Satellite Maps

by Charissa Cheuk

I see you there, beneath my palm: 

fully unaware – peaceful, and calm – 

of my looking upon your shy faces. 

Why, there must be a million places 

I could be, finding meaning so true; 

but friends, I wish to be with you. 

This satellite map sees nothing 

into your carved hearts and bright-red strings, 

but I hold it solely for assurance, 

for my comfort, solely, in this instance. 

Why should you be so far out of reach? 

How long, for you, must I beseech? 

From the paths of meadows and trees 

to the beckoning waves of the seas, 

we’ve flown and fallen, laughed, fought, and cried; 

when I left you, a piece of me died. 

You hide, you hide – you keep on hiding! – 

Memories, they’re not subsiding. 

As I watch these worms crawl about, 

I cannot conceive of them without 

feeling mortified at the drastic gap 

separating you from those hopeless chaps. 

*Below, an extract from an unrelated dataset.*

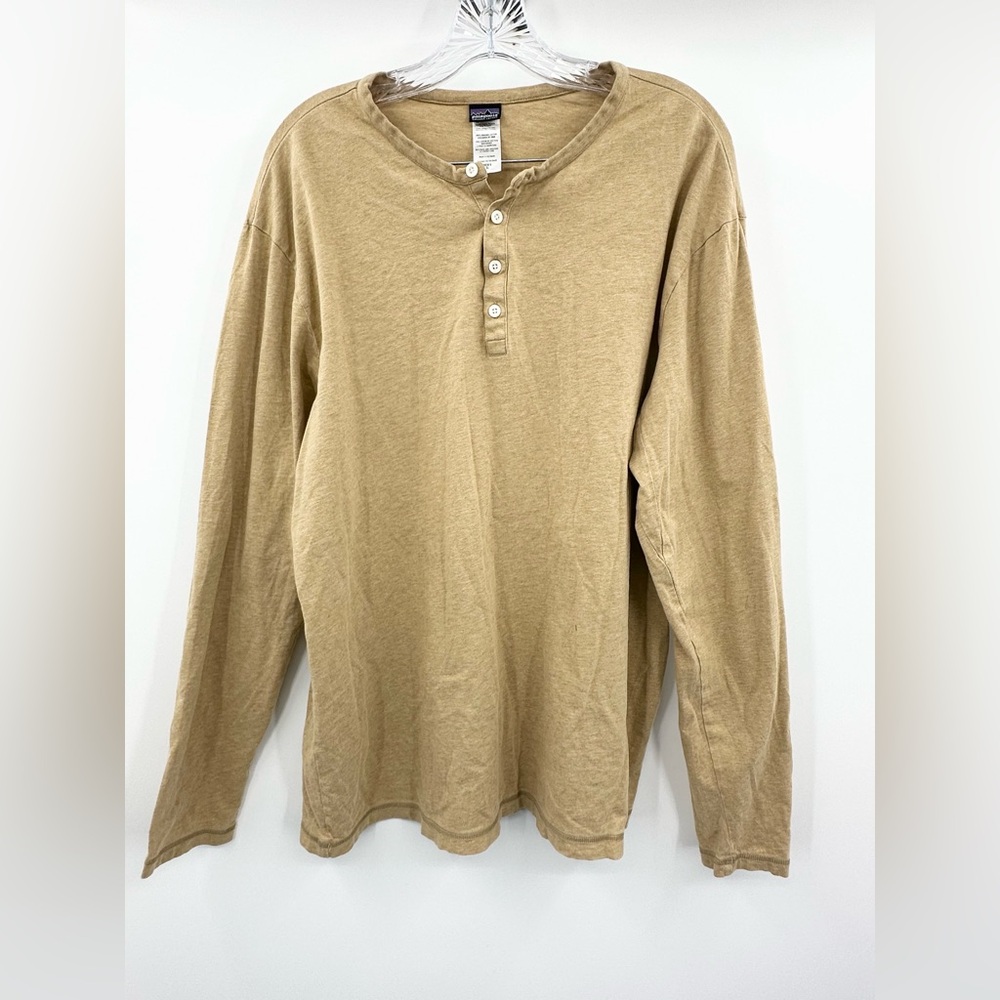 Patagonia Men's Tan Long Sleeve Button Henley Pullover Shirt Organic Size XL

As far as the heavens from the earth 

is their happiness, from your mirth. 

However much I’m prejudiced, 

the arrow will not, by far, have missed. 

Perhaps you’d risen up from the bottom 

(though by what, I would not seek to fathom) 

the moment I stepped foot off your soil, 

when I had deemed them as your foils. 

Because they never could compare – 

their satellite maps won’t see you there! 

Their wildest dreams cannot hope to attain 

the space in my heart where you’ve left a stain. 

You are the tears that fall from my eye; 

you are the stars that shine in my sky.


Charissa Cheuk is a missionary kid (MK) who grew up in a creative access country in Asia, intermittently moving back to Canada every few years. She is now studying neuroscience at the University of Toronto.